File Systems and Distributed File Systems
A file system is the method of storing and organizing data on a storage device, such as flash drives, DVDs and hard drives. A file is an atomic unit of storage used by the file system to store data. A file system provides a logical view of the data stored on the storage device and presents it as a tree structure of directories and files as pictured in Figure 5.2. Operating systems employ file systems to store and retrieve data on behalf of applications. Each operating system provides support for one or more file systems, for example NTFS on Microsoft Windows and ext on Linux.
A distributed file system is a file system that can store large files spread across the nodes of a cluster, as illustrated in Figure 5.3. To the client, files appear to be local; however, this is only a logical view as physically the files are distributed throughout the cluster. This local view is presented via the distributed file system and it enables the files to be accessed from multiple locations. Examples include the Google File System (GFS) and Hadoop Distributed File System (HDFS).
NoSQL
A Not-only SQL (NoSQL) database is a non-relational database that is highly scalable, fault-tolerant and specifically designed to house semi-structured and unstructured data. A NoSQL database often provides an API-based query interface that can be called from within an application. NoSQL databases also support query languages other than Structured Query Language (SQL) because SQL was designed to query structured data stored within a relational database. As an example, a NoSQL database that is optimized to store XML files will often use XQuery as the query language. Likewise, a NoSQL database designed to store RDF data will use SPARQL to query the relationships it contains. That being said, there are some NoSQL databases that also provide an SQL-like query interface, as shown in Figure 5.4.
Sharding
Sharding is the process of horizontally partitioning a large dataset into a collection of smaller, more manageable datasets called shards. The shards are distributed across multiple nodes, where a node is a server or a machine (Figure 5.5). Each shard is stored on a separate node and each node is responsible for only the data stored on it.
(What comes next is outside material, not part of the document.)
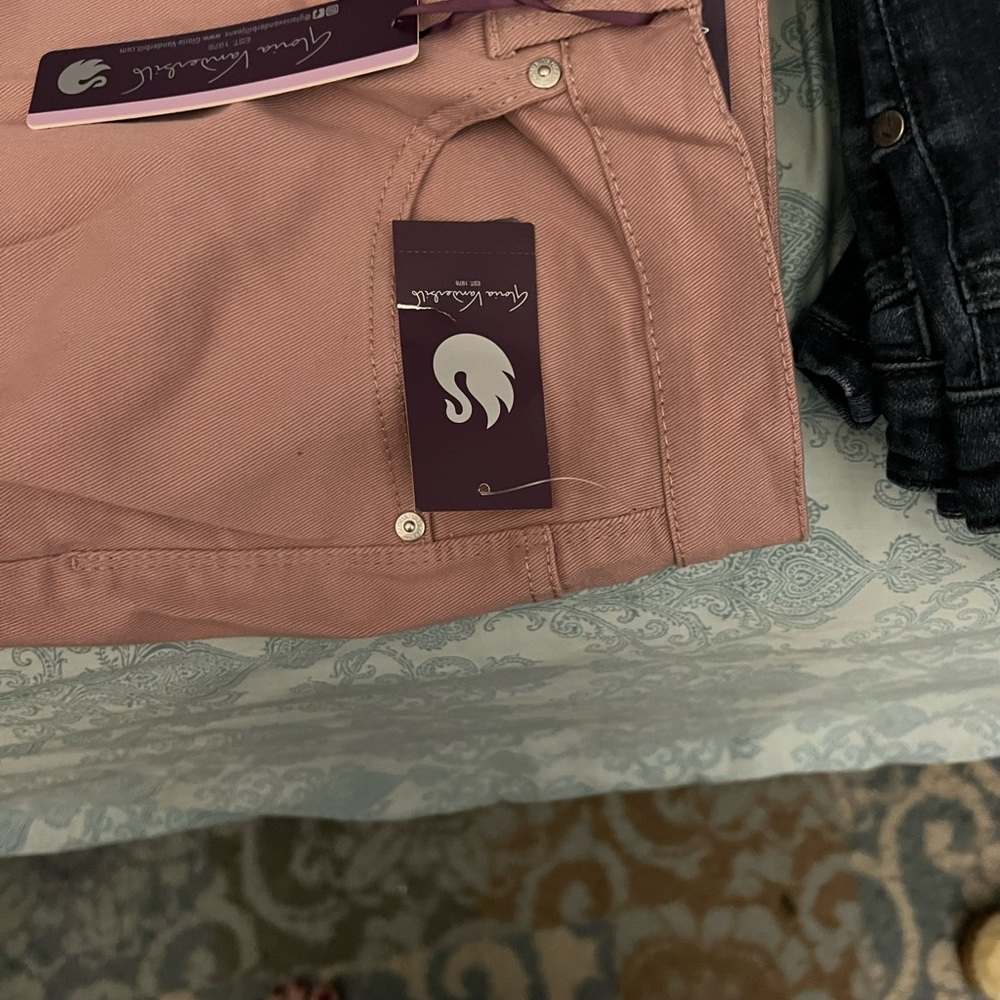 Gloria Vanderbilt slimming jeans!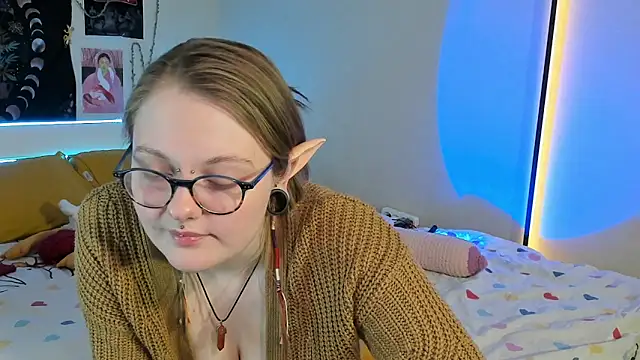 Snapshot of BebKonie chatting on 03-20-25, 02:21 BebKonie online show from 03-20-25, 02:21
Each shard shares the same schema, and all shards collectively represent the complete dataset.
Figure 5.5 An example of sharding where a dataset is spread across Node A and Node B, resulting in Shard A and Shard B, respectively.
Sharding is often transparent to the client, but this is not a requirement. Sharding allows the distribution of processing loads across multiple nodes to achieve horizontal scalability. Horizontal scaling is a method for increasing a system’s capacity by adding similar or higher capacity resources alongside existing resources. Since each node is responsible for only a part of the whole dataset, read/write times are greatly improved.
Figure 5.6 presents an illustration of how sharding works in practice:
1. Each shard can independently service reads and writes for the specific subset of data that it is responsible for.
2. Depending on the query, data may need to be fetched from both shards.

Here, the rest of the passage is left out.